Expert, thanks for your time to answer my questions! I have already read those papers after working with your data on semantic segmentation and got poor results. Please help me clarify more. 1) In your words, " I don't understand why tree and water must be involved in an RS segmentation dataset?" Here is LoveDA dataset from Wuhan University, LoveDA: A Remote Sensing Land-Cover Dataset for Domain Adaptive Semantic Segmentation

image

Why does a paper from your university and in the same domain care about trees and water here?

DotWang commented 1 year ago

@lywang76 Vegetation, road and water are common RS classes. It is normal for LoveDA to annotate these categories. But this does not mean that trees and water must appear on an RS segmentation dataset.

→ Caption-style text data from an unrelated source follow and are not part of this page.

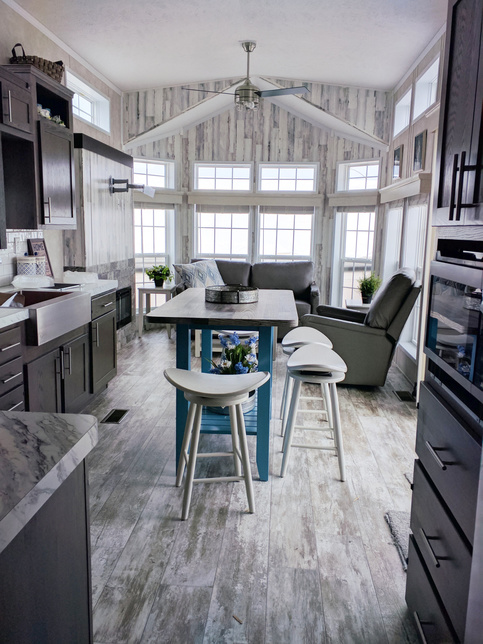 Tons of Tons of natural light, eat in island and more in Fairmont's Park Model 148038.
.
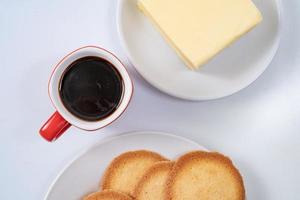 Taza de café roja con galletas sobre fondo blanco. foto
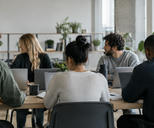 Synthetic editorial illustration. An anonymous software team collaborating in a plain modern workspace with laptop backs toward camera and all screens hidden, relaxed natural working postures, credible office depth and daylight.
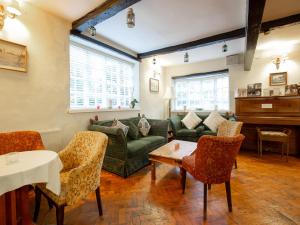 a living room with a couch and chairs and a piano at Wincham Hall Hotel in Northwich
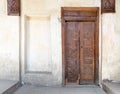 Wooden aged closed decorated door and beige plaster wall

According your question, why the IsAID that is also from my university does not annotate them?

image image
lywang76 commented 1 year ago

Expert, thanks again for your knowledge and explanation. Does your university's iSAID paper title clearly demonstrate that the iSAID is intended for "instance segmentation" instead of semantic segmentation? That is why IsAID didn't care about staff classes like sky, water, and trees.

I would like to emphasize that my question was specifically about semantic segmentation, which your data claims to support. In light of this, I had expected to see stuff classes for sky, water, and trees included in the dataset. Unfortunately, they are not present, which I have now learned.

DotWang commented 1 year ago

@lywang76 I understand what you mean. As I know, nobody says the semantic segmentation must simultaneously contain stuff and thing, it only involves a pixel-level classification. Instance segmenation will further distinguish different objects even if they are in the same category.

DotWang commented 1 year ago

@lywang76 I have emphasized that:

If you insist on identifying trees.

You can manully transform other object detection datasets that have labeled trees (if you can find it) using our codes (will be released after a few days).

Please refer to other paper that uses GroundingDINO + SAM. For example, (1) Text2seg: Remote sensing image semantic segmentation via text-guided visual foundation models. (2) The segment anything model (sam) for remote sensing applications: From zero to one shot.

We don't care specific categories, which are determined by the source detection dataset.

DotWang commented 1 year ago

@lywang76

In addition, initially, this dataset is built for pretraining. At this time, not all pixels need to be annotated. In our experiments, the models pretrained on the SAMRS have achieved better performances on existing semantic segmentation datasets, regardless of whether they contain stuffs.